Angela Lansbury began her distinguished entertainment career with an Oscar-nominated performance in “Gaslight” in 1944, and she has proved to be a reliable box-office performer. Thirteen of her films have topped $100 million in domestic gross. The three-time Oscar nominee’s biggest hit was the Disney-animated film “Beauty and the Beast” (1991).

Source: Bruno Vincent / Getty Images

4. Leslie Phillips
> Age: 96
> Film credits: 84
> Most recent movie: “After Death” (2012)
> Earliest movie: “Lassie from Lancashire” (1938)

Comic actor Leslie Phillips got his start acting in small British films. He worked consistently through the ’50s, ’60s, and ’70s, and in the ’80s he acted in two major American films, “Out of Africa” (1985) and “Empire of the Sun” (1987). In 2011, Phillips voiced the Sorting Hat in “Harry Potter and the Deathly Hallows: Part 2.”

Source: Alberto E. Rodriguez / Getty Images

3. Margaret O’Brien
> Age: 83
> Film credits: 33
> Most recent movie: “Love Is In Bel Air” (2021)
> Earliest movie: “Babes on Broadway” (1941)

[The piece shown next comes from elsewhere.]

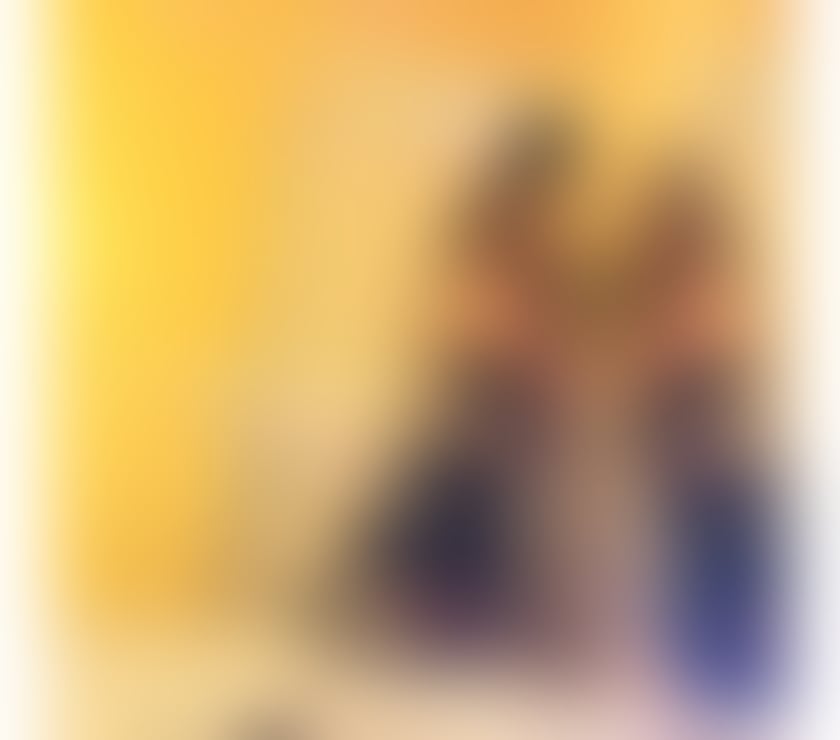 Escorts East London Canary Wharf - East London - Photos for SEXY HORNY AND WET NO RUSH E16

Next to Shirley Temple, Margaret O’Brien was the most famous child actress before the television era. She was known for her emotional performances and ability to cry instantly. Among her films are “Journey for Margaret” (1942) in which she played a war orphan in London, and “Meet Me in St. Louis” in 1944, for which she won a special juvenile Academy Award.


Source: nasa_goddard / Flickr

2. June Lockhart
> Age: 95
> Film credits: 40
> Most recent movie: “Bongee Bear and the Kingdom of Rhythm” (2019)
> Earliest movie: “A Christmas Carol” (1938)

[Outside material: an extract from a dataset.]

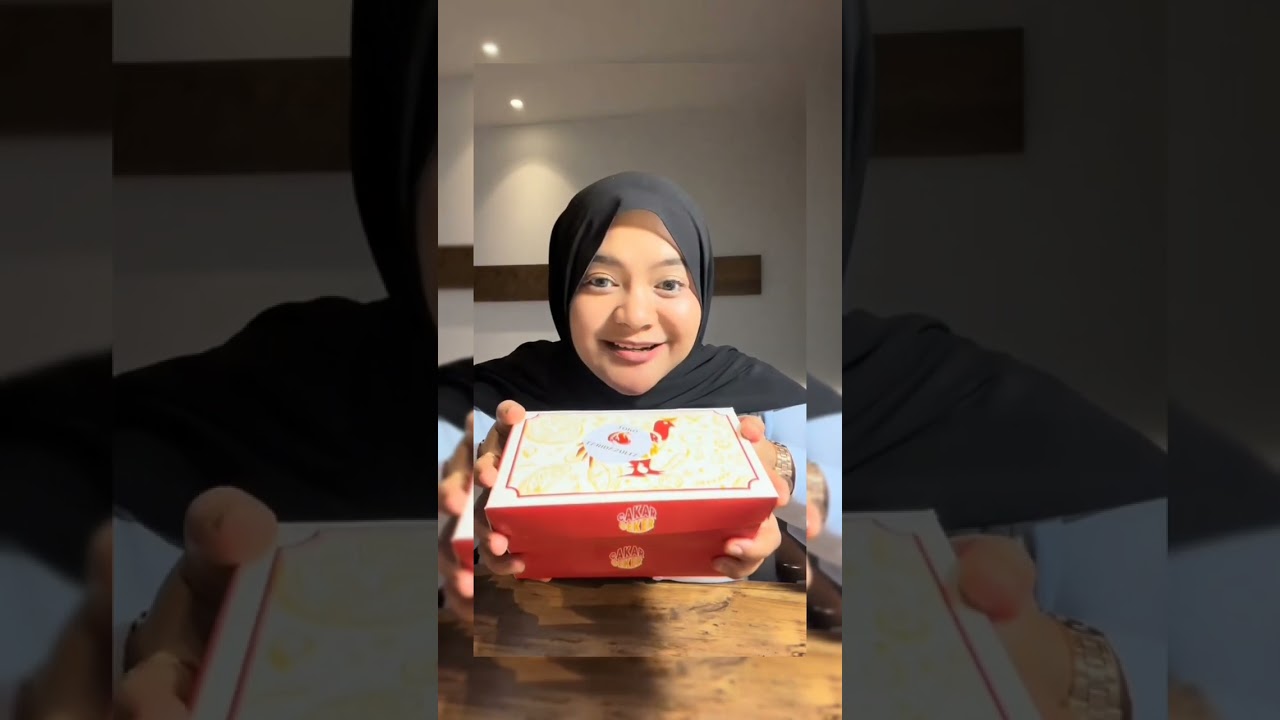 HALLO SAYANG ⁉️ TEMENIN KAK LOLI JAJAN MAKANAN SEKOLAH LAGI YUUK 🍝 #24jammakan #makan #tiktok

June Lockhart carved an everlasting niche as America’s favorite TV mom in series such as “Lassie” in the 1950s and “Lost in Space” in the 1960s. Before her television career, she appeared in films like “Sergeant York” in 1941 and “Meet Me in St. Louis” in 1944. Her screen debut was in “A Christmas Carol” in 1938 with actor/parents Gene and Kathleen Lockhart.

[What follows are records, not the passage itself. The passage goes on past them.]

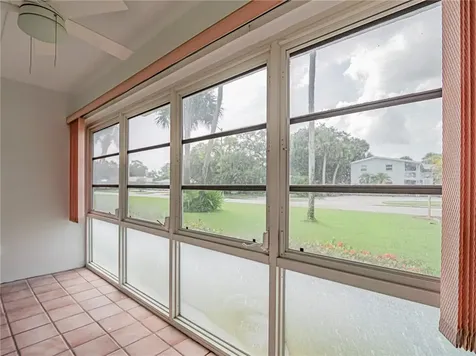 600 Royal Palm Boulevard Vero Beach FL 32960
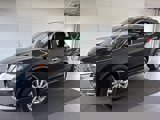 Used 2017 Nissan Rogue SV image 4
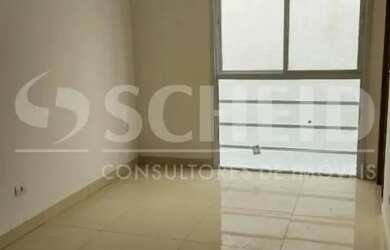 Imagem 3: Apartamento Studio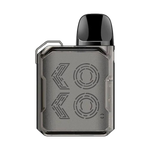 UWELL Caliburn GK2 Pod Kit at Vapekage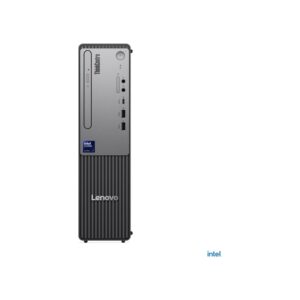 Lenovo ThinkCentre neo 50s Gen 6--FRONT, Lenovo ThinkCentre neo 50s 13DM0057TB, Lenovo ThinkCentre neo 50s 13DM005FTA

Source: Matthew Simmons / Getty Images

1. Terry Moore
> Age: 91
> Film credits: 67
> Most recent movie: “American Superman” (2020)
> Earliest movie: “Maryland” (1940)

Now 91 years old, American actress Terry Moore first appeared on screen in 1940 with uncredited roles in the movies “Maryland” and “The Howards of Virginia.” Moore would soon turn heads, starring in “Mighty Joe Young” (1949), and later receive an Academy Award nomination for her supporting role in “Come Back, Little Sheba” (1952). While Moore focused largely on television work from the early ’60s through the early ’90s, she has continued to appear in feature films, with her latest movie, “American Superman.”


To determine the actors with the longest careers, 24/7 Tempo reviewed the filmographies for the top 5,000 ranked actors aged 35 years old and over on IMDb’s STARmeter. This ranking is a weekly measure of popularity based on user behavior on the Internet Movie Database.

We determined the length of one’s career by finding the number of years that had passed between an actor’s earliest release and their most recent. Television shows were not included in this process. In cases where actors had the same amount of time passed between their earliest and most recent movies, their overall number of movie credits were used as a tie-breaker.